Work to complete
Copy exactly the lines from the line holding "Garsonieră decomandată în Medicină - 2" through the end of the material, and no others; pictures stay out.

Data shown
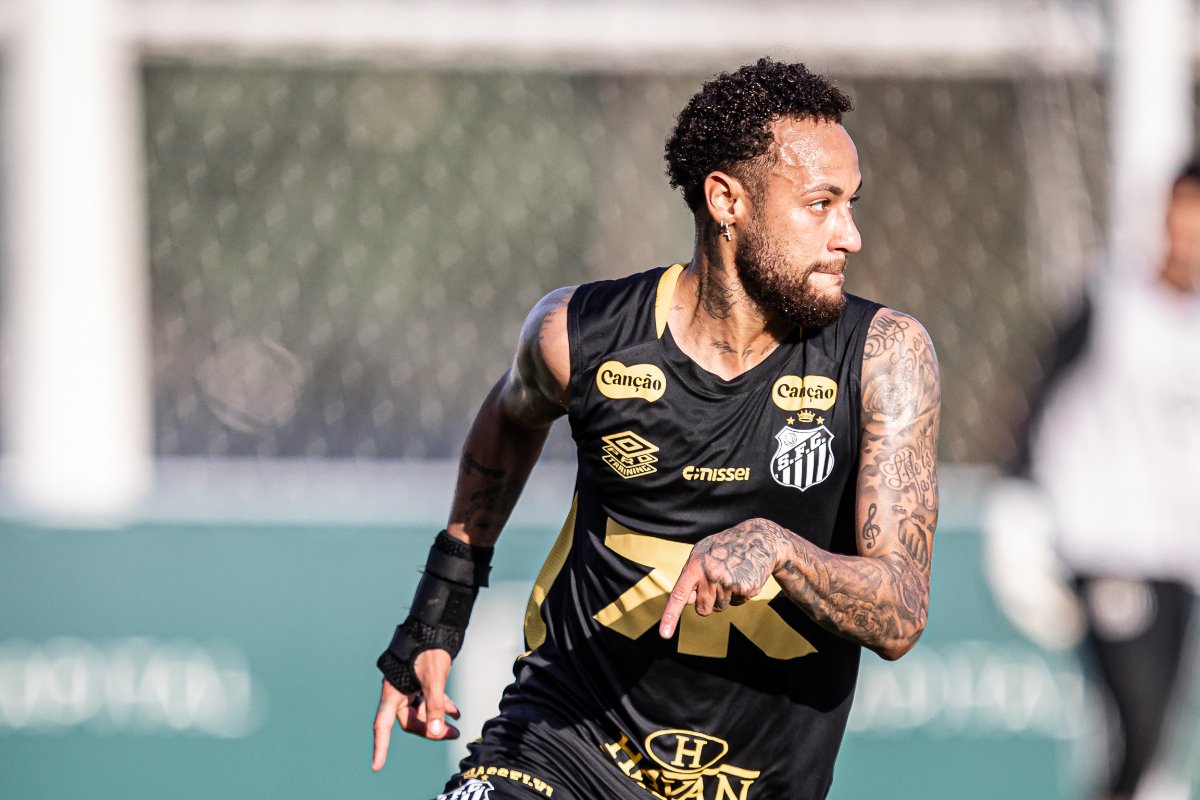 Neymar durante treino do Santos no CT Rei Pelé - (foto: Raul Baretta/ Santos FC)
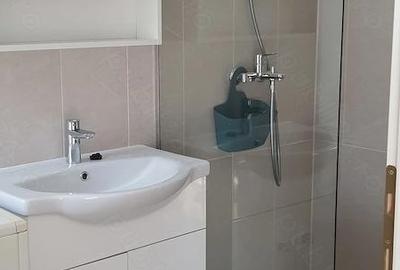 Garsonieră decomandată în Medicină - 2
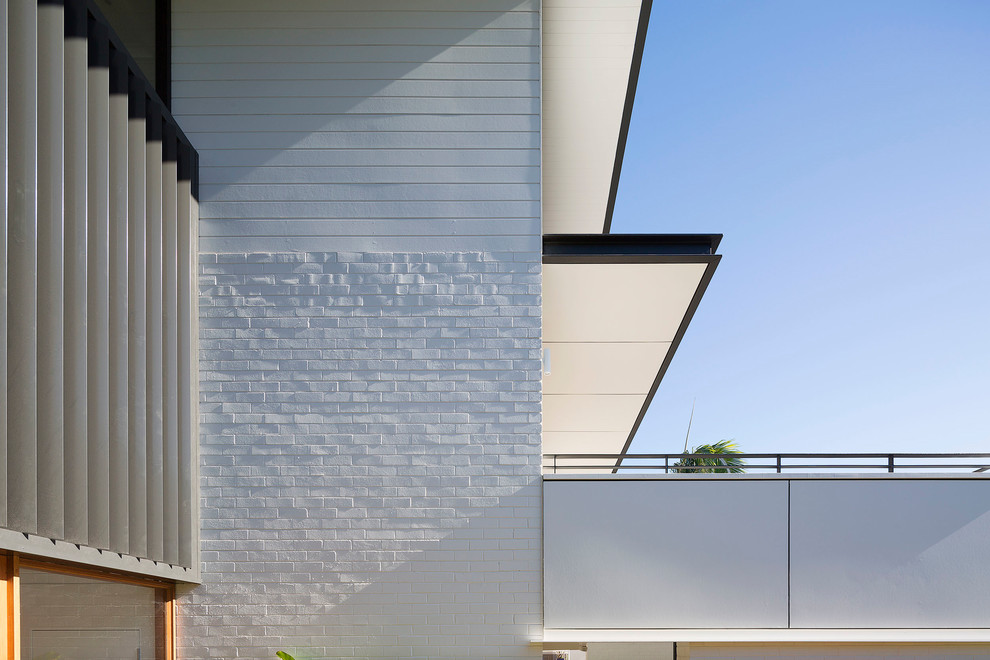 Großes, Dreistöckiges Modernes Einfamilienhaus mit weißer Fassadenfarbe, Flachdach und Blechdach in Sydney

Answer to this exercise
 Garsonieră decomandată în Medicină - 2
 Großes, Dreistöckiges Modernes Einfamilienhaus mit weißer Fassadenfarbe, Flachdach und Blechdach in Sydney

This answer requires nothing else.